Bagaimana dengan barang elektronik seperti Apple atau Samsung? Bentuknya sama di semua negara tentu saja, tapi harganya ditentukan produsen. Harga produk Apple atau Samsung di masing-masing negara hanya berbeda sedikit, sehingga untuk kita membeli di berbeda negara hanya selisih sedikit tergantung kurs mata uang.

Hal yang berbeda berlaku bagi bitcoin. Bitcoin memiliki harga yang berbeda-beda di masing-masing negara, tergantung permintaan dan penawarannya.

Harga bitcoin di satu negara bisa berbeda antara 3-10% yang menyebabkan jual beli selisih bitcoin bisa menjadi bisnis yang menguntungkan. Bitcoin adalah aset digital yang mudah diperjualbelikan dan secara likuid mudah ditransfer.

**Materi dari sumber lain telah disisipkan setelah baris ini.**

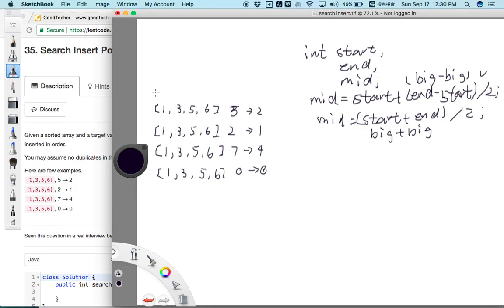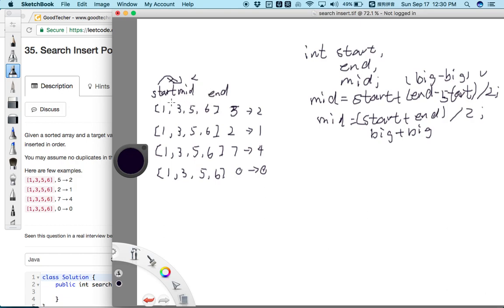First, set start at the beginning of the array and end at the last index. Then compare the mid position value with the target value. For example, if our target is 5 and the current mid position value is 3, the target is greater, meaning the target is on the right side. We can eliminate the left side and update start to mid. Conversely, if the target is less than the mid position value, the target is on the left side, so we update end to mid.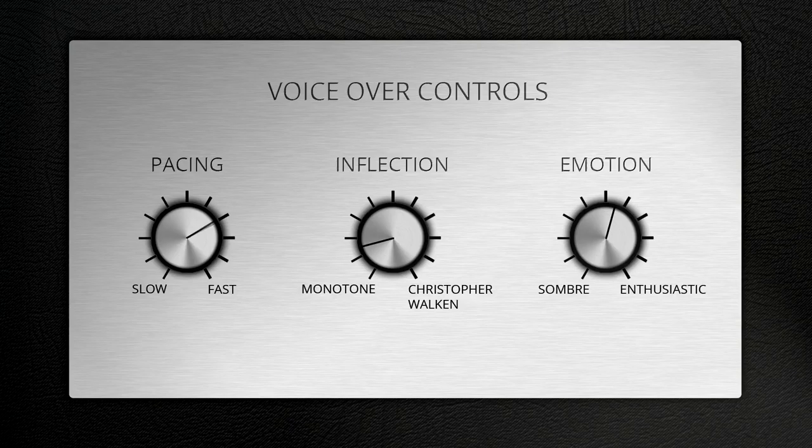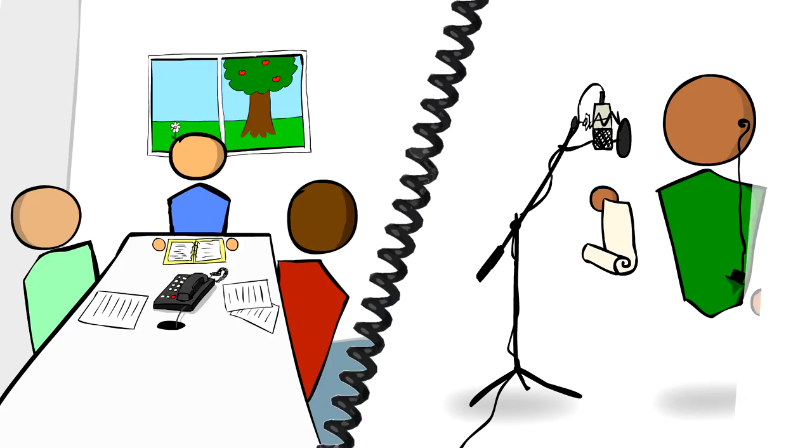The voiceover style needs to be fine-tuned to get the perfect pacing, inflection and emotion to fit with the style of your project. To get your production perfect, you should listen in to a recording session and direct it live.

Pembeli dari Amerika Serikat dengan mudah bisa membeli bitcoin dari Indonesia dengan harga yang mungkin lebih murah dan menjualnya di Amerika Serikat dengan harga lebih mahal. Ini adalah kekuatan penting dari barang yang sama di seluruh negara dengan harga berbeda.

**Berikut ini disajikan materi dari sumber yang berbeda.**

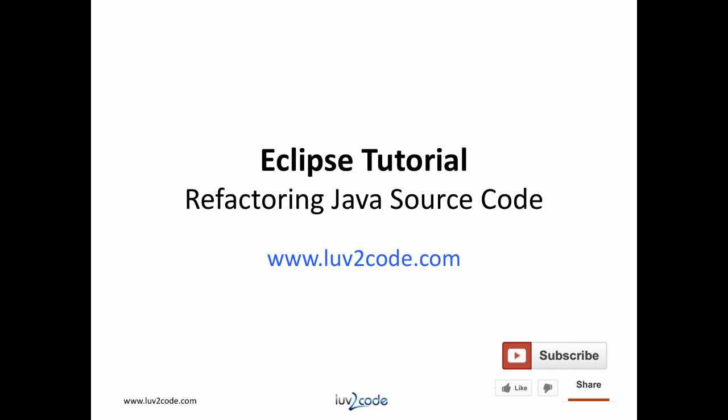Please subscribe to our channel to view more videos on Eclipse and Java. Also, visit our website, love2code.com to download the Java source code used in this video.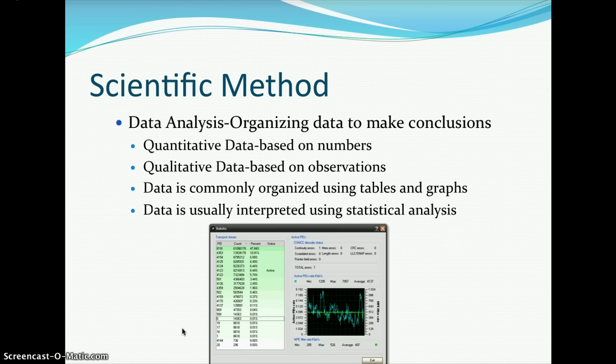Once we do our experiment and collect data, we do data analysis — organizing data to make conclusions. You have quantitative data, which is based on numbers, and qualitative data, which is based on observations and is more descriptive in nature. Data is commonly organized using tables and graphs, and then interpreted using statistical analysis, which will help us further support or reject our hypothesis. We will do all this in our introductory lab.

Kemampuan coding yang universal

Di jaman digital ini, kemampuan coding merupakan suatu ilmu yang sama dan standard di seluruh negara. Jika seseorang mengerti dalam pemrograman HTML, CSS, atau Javascript, maka skill yang sama dibutuhkan di semua negara.

Seperti bitcoin, standar skill tersebut sama namun harganya berbeda-beda di semua negara. Ilmu pembuatan program di negara-negara maju dihargai dengan harga mahal, sementara di negara Indonesia dihargai dengan harga yang lebih murah.

Sistem pemrograman adalah likuid. Para programmer Javascript di Indonesia bisa dengan mudah mengambil proyek-proyek yang ada di negara maju dengan harga yang cukup mahal. Yang dibutuhkan hanyalah kemauan dan keinginan untuk mencari proyek tersebut di Internet.

Sebetulnya, apa yang membuat harga pekerja di berbagai negara berbeda? Skill mereka? Bukan. Menurut suatu teori, harga tenaga kerja berbeda karena kebijakan imigrasi.

Dicontohkan perumpamaan mengenai harga pekerja yang berbeda di Swedia dan India. Gaji supir bis di Stockholm, Swedia (katakan namanya Sven) adalah 50 kali gaji supir bus di Mumbai (katakan namanya Ajit). Bagaimana Sven bisa mendapat gaji 50 kali lebih besar daripada Ajit. Apakah Sven memiliki skill mengemudi bus 50 kali lebih baik daripada Ajit? Dengan semrawutnya lalu lintas di Mumbai, kemungkinan besar Ajit jauh lebih pandai mengemudi bus daripada Sven di kota Stockholm yang lebih teratur. Jadi mengapa gaji Sven bisa 50 kali lebih tinggi daripada gaji Ajit?

Pemerintah Swedia memberlakukan kebijakan imigrasi, sehingga Ajit tidak bisa datang ke Stockholm dan mengambil pekerjaan Sven. Semua negara memberlakukan hal ini supaya tidak merusak tatanan budaya negara tersebut. Tentunya salah satu alasan ekonomi kebijakan imigrasi adalah untuk melakukan proteksi terhadap Sven supaya pekerjaannya tidak diambil Ajit.

Ada banyak Ajit-Ajit lain di berbagai bidang, seperti perbankan, kedokteran, atau buruh pabrik yang siap mengambil pekerjaan Sven-Sven lain di negara maju. Untuk itu dibutuhkan proteksi imigrasi.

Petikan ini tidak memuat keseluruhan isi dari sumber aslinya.